I use a Weber portable barbecue which tucks neatly in one of the bed boxes when not needed, and can sit either on the heat-proof top of our outdoor table or on a couple of thermalite breeze blocks when I can't be bothered to get the table out.

The food always tastes great, I love using it, and will never surrender to the false charms of a gas so-called barbecue. So there!

(Agree that those disposable ones are rubbish though. Even worse than gas).


----------



## baldybazza

Back in the dim distant past when the kids came with us in an old trailer tent we ued to strap a full-sized charcoal barbeque on wheels on top of the trailer tent while travelling, complete with a thick paper bag of charcoal.Problems started when we drove through a heavy downpour in France, the bag disintegrated and the charcoal was bouncing along the road behind us.Ah happy days :lol: . 
These days we use an Outback portable gas barbeque with a cast-iron griddle 
-works a treat and quick enough for breakfast bacon sarnies too - yum  

Barrie


----------



## Telbell

What about electric bbq's? No option on the Poll!

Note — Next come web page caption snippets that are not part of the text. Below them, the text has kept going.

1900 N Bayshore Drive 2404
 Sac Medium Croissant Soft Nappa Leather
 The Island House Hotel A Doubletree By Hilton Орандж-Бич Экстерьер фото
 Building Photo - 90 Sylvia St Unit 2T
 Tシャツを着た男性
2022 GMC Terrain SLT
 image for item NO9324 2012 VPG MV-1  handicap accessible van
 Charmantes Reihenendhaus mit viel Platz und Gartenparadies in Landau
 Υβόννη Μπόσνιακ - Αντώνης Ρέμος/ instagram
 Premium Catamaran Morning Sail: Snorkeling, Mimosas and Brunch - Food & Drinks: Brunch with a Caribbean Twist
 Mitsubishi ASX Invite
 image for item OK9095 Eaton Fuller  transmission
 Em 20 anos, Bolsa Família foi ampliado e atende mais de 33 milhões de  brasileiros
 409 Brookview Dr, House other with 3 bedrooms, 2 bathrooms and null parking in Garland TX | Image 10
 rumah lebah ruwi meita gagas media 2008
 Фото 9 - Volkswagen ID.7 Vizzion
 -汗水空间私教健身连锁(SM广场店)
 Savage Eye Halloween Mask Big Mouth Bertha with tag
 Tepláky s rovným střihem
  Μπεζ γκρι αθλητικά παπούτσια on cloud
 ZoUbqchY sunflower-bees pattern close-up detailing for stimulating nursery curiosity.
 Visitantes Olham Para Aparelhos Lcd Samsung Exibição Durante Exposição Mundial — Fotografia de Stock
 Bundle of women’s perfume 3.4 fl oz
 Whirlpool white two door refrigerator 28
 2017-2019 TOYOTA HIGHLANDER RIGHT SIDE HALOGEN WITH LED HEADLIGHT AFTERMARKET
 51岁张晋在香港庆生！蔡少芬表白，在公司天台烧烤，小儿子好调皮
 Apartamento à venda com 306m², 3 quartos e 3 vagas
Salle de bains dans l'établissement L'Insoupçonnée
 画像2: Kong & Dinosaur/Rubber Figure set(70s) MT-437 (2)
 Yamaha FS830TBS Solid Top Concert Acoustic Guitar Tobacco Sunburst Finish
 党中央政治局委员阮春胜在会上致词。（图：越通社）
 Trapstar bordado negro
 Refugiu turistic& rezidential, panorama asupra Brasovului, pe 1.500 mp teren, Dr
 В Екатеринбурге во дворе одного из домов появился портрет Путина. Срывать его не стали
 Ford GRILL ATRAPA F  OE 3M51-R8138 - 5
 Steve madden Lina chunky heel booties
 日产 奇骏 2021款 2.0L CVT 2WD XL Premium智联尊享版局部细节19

We use what we call "Baby George" (smaller sized George Foreman with Grill one side and griddle the other) when on EHU and instant (disposable) bbq when not.

Advantage of "Baby George" is that it can be used on kitchen work surface if it';s naff weather or raining outside.


----------



## taildj

Like Many others we use a Cadac. They are versatile, as you can BBQ, use as an oven, roast, fry etc, They are easy to clean, pack away, & and actually, do what all the advertising material says it will do.

This piece of equipment, along with the ramoska, are things that are indespensable when M'homing as far as I am concerned. Further they also get used at home.

David


----------



## timbop37

geraldandannie said:


> ....Camping Gaz Party Grill


Gerald, with Annie being Veggie, is that a party for one?
I think you need to put your foot down with a firm hand before these veggies take over.

Seriously, though, my wife has been veggie for 25 years but we still have a Cadac which has been great. You can cook pizzas, omelettes, etc, apart from the usual stuff.


----------



## geraldandannie

timbop37 said:


> I think you need to put your foot down with a firm hand before these veggies take over.


Hi Tim

I know. Mind you, I don't think I'm wasting away for lack of cooked animal produce. 8O

We usually eat non-meat, as it's easier to cook just one type of meal. We both eat fish.

On choir night, she eats in town, so I get to choose what to have for tea. So generally it's off to Sainbury's for some steak  Except tonight, since our son's girlfriend is staying with us while she does an internship up town, and she doesn't eat red meat :evil: It looks like it might be a chicken night tonight :wink:



timbop37 said:


> Seriously, though, my wife has been veggie for 25 years but we still have a Cadac which has been great.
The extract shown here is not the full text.